En este mundo contemporáneo, en el que la ciencia es la unica verdad absoluta, cree ud que la sencibilidad, de la cual el artista de épocas pasadas utlizaba, pues era de relevancia. pueda hoy, o quizas mas adelante, posarse como verdades más importantes que las que la ciencia nos provee. lo digo porque hay verdades que nunca consideramos importantes,como las que nos dicta el corazón. verdades mas vicerales, no tan deshumanizadas, no tan absolutas, pero si mas confortables al ser. y lo digo porque el arte puede trasformar al individuo de manera catartica.

Unknown dijo...

hola doctor.
primero que nada un fuerte abrazo desde matamoros mexico.

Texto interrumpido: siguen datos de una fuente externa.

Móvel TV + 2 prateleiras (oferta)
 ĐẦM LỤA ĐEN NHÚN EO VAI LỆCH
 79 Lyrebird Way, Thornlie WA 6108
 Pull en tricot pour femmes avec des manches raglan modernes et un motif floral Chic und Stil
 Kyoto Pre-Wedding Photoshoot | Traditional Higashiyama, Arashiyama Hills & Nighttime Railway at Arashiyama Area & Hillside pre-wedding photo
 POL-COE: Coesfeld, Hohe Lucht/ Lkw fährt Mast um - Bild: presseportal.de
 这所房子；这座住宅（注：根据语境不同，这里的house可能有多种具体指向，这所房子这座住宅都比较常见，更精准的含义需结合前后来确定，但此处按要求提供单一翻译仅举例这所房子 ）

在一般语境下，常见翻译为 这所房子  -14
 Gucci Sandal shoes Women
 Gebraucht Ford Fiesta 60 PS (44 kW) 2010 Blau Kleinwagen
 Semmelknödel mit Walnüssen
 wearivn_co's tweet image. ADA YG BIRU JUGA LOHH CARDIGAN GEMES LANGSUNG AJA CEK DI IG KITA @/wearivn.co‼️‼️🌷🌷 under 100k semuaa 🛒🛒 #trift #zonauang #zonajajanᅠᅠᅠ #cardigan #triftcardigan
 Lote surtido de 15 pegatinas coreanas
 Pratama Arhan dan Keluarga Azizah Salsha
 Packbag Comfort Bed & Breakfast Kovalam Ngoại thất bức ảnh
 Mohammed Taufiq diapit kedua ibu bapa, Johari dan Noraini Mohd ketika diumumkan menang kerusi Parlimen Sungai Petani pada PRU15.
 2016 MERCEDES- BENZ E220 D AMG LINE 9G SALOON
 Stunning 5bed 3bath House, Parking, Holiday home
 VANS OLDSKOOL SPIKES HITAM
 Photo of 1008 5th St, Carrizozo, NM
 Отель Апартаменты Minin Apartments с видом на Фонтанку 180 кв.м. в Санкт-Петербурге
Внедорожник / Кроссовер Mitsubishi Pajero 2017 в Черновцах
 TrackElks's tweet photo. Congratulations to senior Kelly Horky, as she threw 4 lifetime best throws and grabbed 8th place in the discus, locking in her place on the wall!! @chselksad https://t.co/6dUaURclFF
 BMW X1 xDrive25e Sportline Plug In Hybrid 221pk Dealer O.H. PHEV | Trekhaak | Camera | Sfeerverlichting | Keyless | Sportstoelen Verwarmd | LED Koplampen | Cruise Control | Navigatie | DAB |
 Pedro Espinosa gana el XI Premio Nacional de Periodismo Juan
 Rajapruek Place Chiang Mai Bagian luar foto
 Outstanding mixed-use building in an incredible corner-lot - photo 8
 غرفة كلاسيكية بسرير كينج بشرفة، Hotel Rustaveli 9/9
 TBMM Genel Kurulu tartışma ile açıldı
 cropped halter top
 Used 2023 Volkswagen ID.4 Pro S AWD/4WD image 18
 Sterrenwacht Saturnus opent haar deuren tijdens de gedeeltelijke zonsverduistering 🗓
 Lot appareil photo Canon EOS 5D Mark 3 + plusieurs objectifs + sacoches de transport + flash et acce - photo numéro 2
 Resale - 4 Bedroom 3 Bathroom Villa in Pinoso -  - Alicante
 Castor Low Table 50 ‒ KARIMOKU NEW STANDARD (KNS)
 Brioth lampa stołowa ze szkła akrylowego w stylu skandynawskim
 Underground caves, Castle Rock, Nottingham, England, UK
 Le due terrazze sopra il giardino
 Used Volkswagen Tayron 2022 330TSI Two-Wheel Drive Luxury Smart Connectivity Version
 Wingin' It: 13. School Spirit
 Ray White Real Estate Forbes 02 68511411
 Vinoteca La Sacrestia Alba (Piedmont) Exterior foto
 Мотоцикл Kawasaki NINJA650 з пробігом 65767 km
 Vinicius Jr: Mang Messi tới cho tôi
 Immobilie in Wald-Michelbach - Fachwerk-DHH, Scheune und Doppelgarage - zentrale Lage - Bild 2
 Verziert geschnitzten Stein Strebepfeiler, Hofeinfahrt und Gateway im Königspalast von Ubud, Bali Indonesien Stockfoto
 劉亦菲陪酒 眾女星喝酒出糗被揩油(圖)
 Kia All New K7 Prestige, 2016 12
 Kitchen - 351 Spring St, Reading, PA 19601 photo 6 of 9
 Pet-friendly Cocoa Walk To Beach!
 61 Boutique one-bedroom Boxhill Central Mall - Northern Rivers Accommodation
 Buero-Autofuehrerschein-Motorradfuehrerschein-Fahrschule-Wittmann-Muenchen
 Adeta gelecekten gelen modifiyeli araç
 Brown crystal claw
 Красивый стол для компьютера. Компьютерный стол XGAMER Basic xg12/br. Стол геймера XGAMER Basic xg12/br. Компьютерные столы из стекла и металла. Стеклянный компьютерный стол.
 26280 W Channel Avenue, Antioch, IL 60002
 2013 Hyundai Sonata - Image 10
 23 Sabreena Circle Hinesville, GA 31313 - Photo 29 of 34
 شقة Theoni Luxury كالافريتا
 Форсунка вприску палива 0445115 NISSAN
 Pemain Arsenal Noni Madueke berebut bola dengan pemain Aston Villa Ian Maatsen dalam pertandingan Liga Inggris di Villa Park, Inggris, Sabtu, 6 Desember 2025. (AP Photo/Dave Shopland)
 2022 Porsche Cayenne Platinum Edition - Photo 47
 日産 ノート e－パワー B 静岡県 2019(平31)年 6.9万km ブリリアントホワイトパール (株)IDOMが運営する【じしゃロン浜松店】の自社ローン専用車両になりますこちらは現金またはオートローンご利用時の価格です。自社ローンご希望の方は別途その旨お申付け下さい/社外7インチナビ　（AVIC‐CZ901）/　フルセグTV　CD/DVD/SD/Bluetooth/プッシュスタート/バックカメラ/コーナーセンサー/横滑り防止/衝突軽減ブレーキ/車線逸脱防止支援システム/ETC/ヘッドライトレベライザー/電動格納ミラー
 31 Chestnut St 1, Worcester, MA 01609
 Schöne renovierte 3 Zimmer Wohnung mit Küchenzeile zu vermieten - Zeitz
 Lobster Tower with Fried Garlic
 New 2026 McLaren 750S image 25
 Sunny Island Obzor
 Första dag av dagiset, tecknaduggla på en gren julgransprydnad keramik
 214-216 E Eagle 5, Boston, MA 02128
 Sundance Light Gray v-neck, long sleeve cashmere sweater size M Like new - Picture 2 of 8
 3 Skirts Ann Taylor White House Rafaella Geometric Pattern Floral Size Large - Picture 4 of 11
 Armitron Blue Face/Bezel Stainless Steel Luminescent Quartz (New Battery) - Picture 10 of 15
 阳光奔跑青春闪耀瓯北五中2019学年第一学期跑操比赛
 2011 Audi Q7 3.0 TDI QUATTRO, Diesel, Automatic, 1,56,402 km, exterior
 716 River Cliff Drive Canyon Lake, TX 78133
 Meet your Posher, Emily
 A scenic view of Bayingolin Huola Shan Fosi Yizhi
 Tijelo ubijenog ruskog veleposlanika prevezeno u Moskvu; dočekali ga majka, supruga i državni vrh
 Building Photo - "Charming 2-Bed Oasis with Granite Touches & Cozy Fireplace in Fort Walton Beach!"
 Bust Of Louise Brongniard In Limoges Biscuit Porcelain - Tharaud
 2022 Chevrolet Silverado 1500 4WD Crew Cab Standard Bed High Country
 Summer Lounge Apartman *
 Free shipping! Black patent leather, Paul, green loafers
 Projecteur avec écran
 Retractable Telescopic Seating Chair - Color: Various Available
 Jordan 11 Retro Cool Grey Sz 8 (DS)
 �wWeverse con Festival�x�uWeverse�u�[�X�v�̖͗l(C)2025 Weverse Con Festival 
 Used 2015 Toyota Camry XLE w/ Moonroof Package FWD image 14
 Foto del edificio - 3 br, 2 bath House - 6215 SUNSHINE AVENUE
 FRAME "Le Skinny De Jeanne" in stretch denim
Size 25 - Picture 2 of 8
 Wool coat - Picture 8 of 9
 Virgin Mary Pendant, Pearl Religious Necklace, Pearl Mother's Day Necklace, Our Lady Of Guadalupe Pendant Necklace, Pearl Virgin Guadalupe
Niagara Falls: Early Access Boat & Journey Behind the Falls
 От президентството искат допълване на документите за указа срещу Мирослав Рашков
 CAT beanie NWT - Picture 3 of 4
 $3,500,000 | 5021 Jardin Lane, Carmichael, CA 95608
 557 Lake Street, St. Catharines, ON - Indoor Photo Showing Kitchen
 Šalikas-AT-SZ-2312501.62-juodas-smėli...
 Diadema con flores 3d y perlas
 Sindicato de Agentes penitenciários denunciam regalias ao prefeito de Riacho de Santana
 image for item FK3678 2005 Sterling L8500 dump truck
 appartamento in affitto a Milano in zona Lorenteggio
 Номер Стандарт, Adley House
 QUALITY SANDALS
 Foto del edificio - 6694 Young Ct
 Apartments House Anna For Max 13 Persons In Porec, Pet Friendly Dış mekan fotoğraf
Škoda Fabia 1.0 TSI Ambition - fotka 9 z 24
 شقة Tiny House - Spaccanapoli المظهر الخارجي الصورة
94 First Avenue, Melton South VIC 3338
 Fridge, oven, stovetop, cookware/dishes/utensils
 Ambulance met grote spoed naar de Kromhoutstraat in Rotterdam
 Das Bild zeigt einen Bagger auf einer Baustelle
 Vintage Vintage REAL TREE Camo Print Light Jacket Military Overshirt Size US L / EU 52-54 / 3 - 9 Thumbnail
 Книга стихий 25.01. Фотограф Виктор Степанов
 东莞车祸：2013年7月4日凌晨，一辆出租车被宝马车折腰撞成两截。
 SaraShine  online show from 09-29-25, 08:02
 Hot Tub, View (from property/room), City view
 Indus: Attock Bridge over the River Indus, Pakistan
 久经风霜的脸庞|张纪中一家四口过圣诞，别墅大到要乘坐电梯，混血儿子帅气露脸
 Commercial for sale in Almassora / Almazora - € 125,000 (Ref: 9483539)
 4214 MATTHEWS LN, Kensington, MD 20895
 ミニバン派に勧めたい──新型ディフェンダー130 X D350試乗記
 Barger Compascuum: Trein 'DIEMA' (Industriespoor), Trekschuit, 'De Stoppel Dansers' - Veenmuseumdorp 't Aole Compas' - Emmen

quisiera cometarle que leonardo da vinci desde el punto de vista matematico es indiscutiblemente admirable sobre todo en su obra el hombre del vitruvio, ya que plasma la divina proporcion del cuerpo humano en relacion con la matematica en donde trataba de vincular el cuerpo humano con la arquitectura,en donde representa las proporciones que podian establecerse con el cuerpo humano. Para el el hombre era el modelo del universo y lo maravilloso es que podia vincular lo que descubria con el interior del ser humano y su naturaleza.